My Dear Sisters and Brothers! Before we go any further let’s do a bit of grammar. In the greeting “The Lord be with you”, is you singular or plural? Those who still remember Latin Masses should be able to recall the recurring words “Dominus vobiscum” which doesn’t leave any doubt that you is plural. Why does it need to be plural? Answer this question: How can people come to know that Jesus Christ is the One sent by God the Father? In the Gospel of John we read what Jesus said at the Last Supper: “Father, may they be one in us, as you are in me and I am in you, so that the world may believe it was you who sent me.” The convincing sign on earth that Jesus comes from God is the unity of his disciples, our unity. We can see how our societies are divided, how much they have been fragmented. In those fragmented societies the community of believers, the Church, is to be the sign of Jesus Christ who comes from the Father. That’s why Christianity is not for lonely rangers. On the contrary if one separates his or her faith in Jesus from the community of disciples, from the Church, it is like playing soccer of footy on his or her own. It doesn’t make much sense, does it? This message inspired the builders of our ancient cathedrals too. Many bricks and stones, symbolising many members of the Church, put together created those architecture marvels raising minds and hearts to heaven. However those marvels were to draw us, Jesus’ followers, to build communities of people united around Jesus.

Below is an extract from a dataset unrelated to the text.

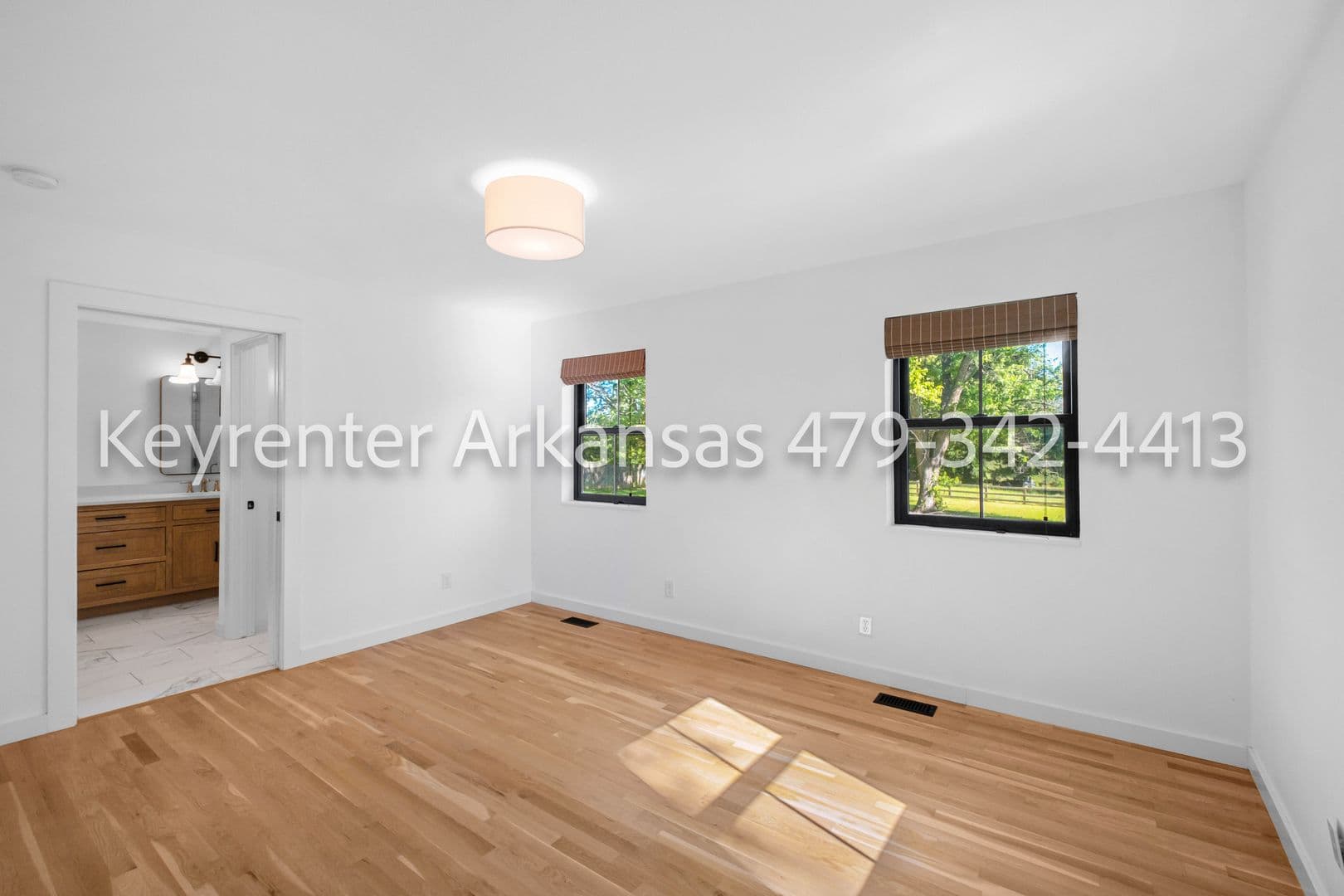 Fayetteville House: 4480 E Trough Spring Rd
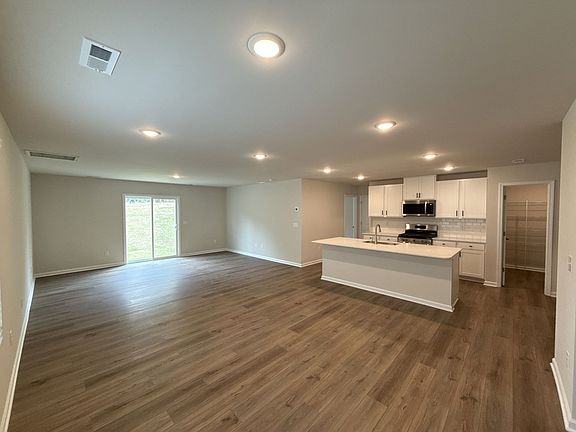 2nd image of 13147 Hampton Bay Ln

“The Lord be with you” we hear at the beginning of the Mass, as no single person here present, doesn’t matter how holy and perfect she or he could be, can substitute for the community of believers, to be a convincing sign of who Jesus is, the Only Son of God who came here to give people eternal life.
However every greeting needs a response, so what is the response to “The Lord be with you”? “And with your Spirit.” Someone asked whether it should be “And with your soul Father” which makes a sense as each one of us, including the priest, has got a soul. But let me read a few sentences from the Pontifical which is the liturgical book used by our bishops when they perform services reserved only to them, such as ordination of deacons, priests and bishops. When the bishop ordains a deacon he asks God: “Lord, send forth upon him the Holy Spirit, that he may be strengthened by the gift of your sevenfold grace to carry out faithfully the work of the ministry.” For a new priest the bishop prays: “Renew within him the Spirit of holiness.” When a new bishop is being ordained he hears this sprayer: “So now pour out upon this chosen one that power which is from you, the governing Spirit whom you gave to your beloved Son Jesus Christ, the Spirit given by him to the holy apostles.” So when the congregation says: “And with your Spirit” it acknowledges that unique moment of ordination which uniquely configured the priest to Jesus Christ. The priest acts in the Person of Christ, and certainly not by his own resources.
My Dear Fellow Believers! This greeting put all of us in the right place at Mass, like we could hear in the Gospel. It reminds us that we must be a united community in order to show Jesus Christ to the world. The greeting also reminds the priest that Mass is not his own show but rather it is the time of grace when the Blessed Lord speaks to his followers and forms them according to his Heart.